By Anthony Salvanto, Jennifer De Pinto, Kabir Khanna and Fred Backus
Most women voters in battleground districts feel their vote in congressional elections this year matters just as much as it does in a presidential election. Overall, most are unhappy with President Trump's policies and the way he handles himself personally, but party trumps gender when it comes to many opinions of this president.
The CBS News Battleground Tracker shows a big gender gap in these districts: Democrats have a 14-point advantage among women, Republicans lead among men by five points. This is a larger gender gap than we've seen nationally in recent elections for the House of Representatives.
2018 House vote in competitive districts
Still, at this stage, men are more likely than women to say they will definitely vote in the Congressional midterms this year. There are some differences within women voters, however. Black women overwhelmingly plan to vote for a Democrat this fall, but white women in these battleground districts are more divided in their vote; Democrats currently have a 2-point edge with that group.
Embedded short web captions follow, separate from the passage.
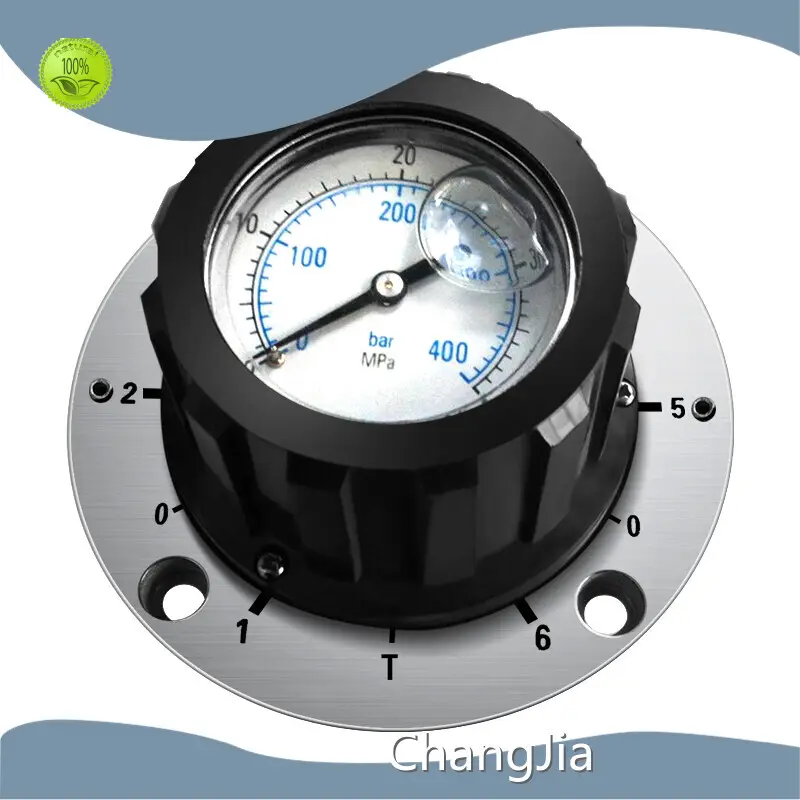 Fabricante de válvulas de flujo, venta al por mayor de productos - ChangJia 1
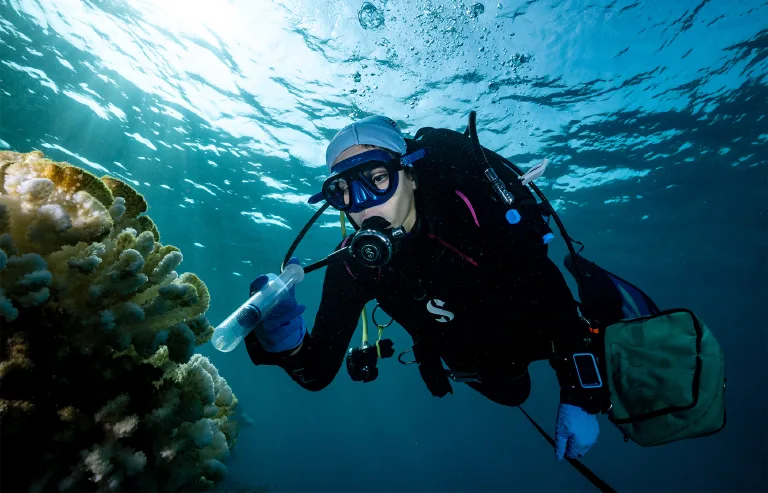 Probiotics Offer a New Angle in Asia's Coral Preservation Challenge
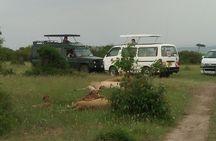 Hiking Tour: Mt Longonot Day tour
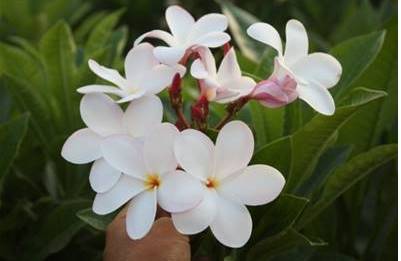 PLUMERIA RUBRA PINK PUDICA (HYBRID)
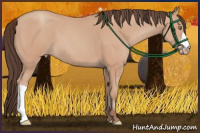 Horse Color:Amber Champagne 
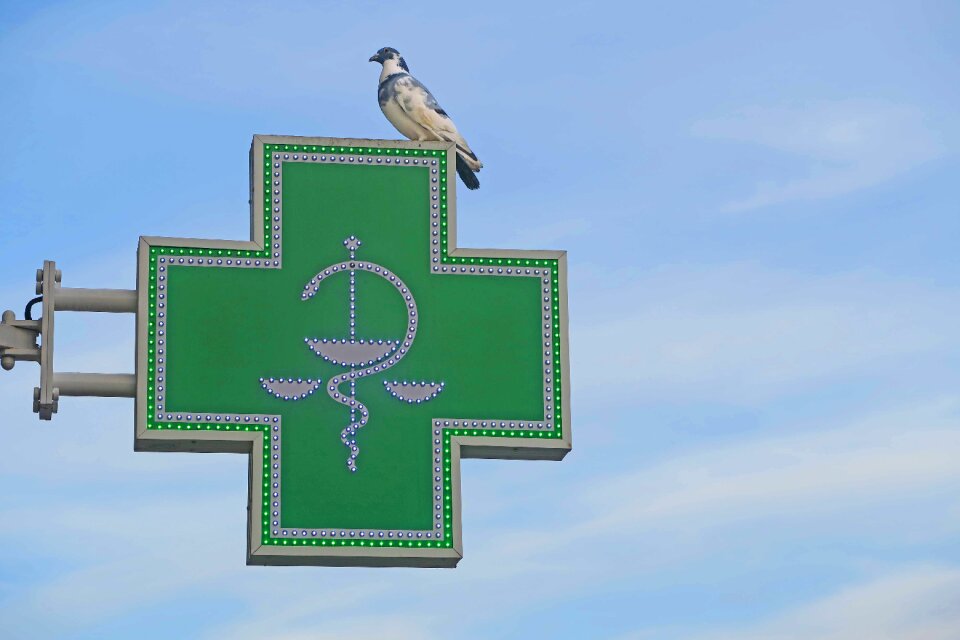 Cross advertisement bird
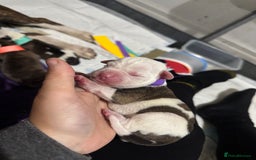 Mixed Breed dogs for sale: American bulldog cross Staffy pups - Image 15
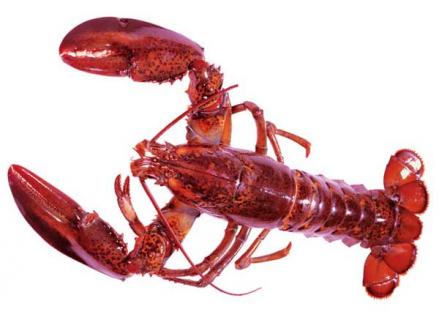 小龙虾 小龙虾吃多了对身体有什么影响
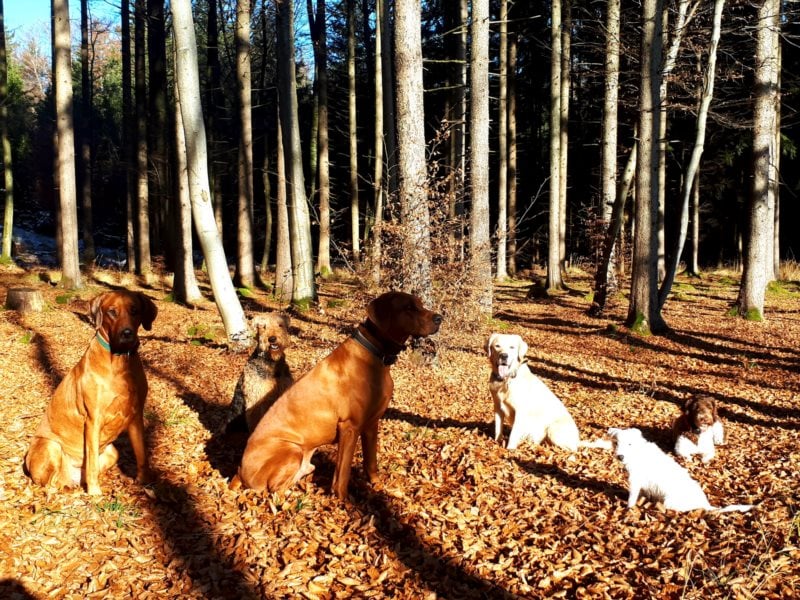 individuelle Hundebetreuung mit Familienanschluss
Some of the divide in voter preferences among white women is driven by education. White women with a college degree plant to vote for the Democratic candidate for Congress, while white women without a degree say they'll vote for the Republican.
Mr. Trump appears to be a motivating factor for many women, particularly Democratic women. Women (who are more inclined to identify as Democrats than men) are critical of Mr. Trump. Most don't like his policies and they especially dislike the way he handles himself personally.
More than six in 10 women voters in these districts say the president does not respect or understand people like them, a figure that rises to 94 percent among Democratic women. Most women independents also hold this view.
Do you feel Donald Trump respects and understand people like you?
Republican women, however, are supportive of this president. Eight in 10 say he respects people like them and most like the president's policies. Fewer, but still a majority (54 percent) of Republican women like the way the president handles himself personally. Many also say they have been helped by the recent tax law.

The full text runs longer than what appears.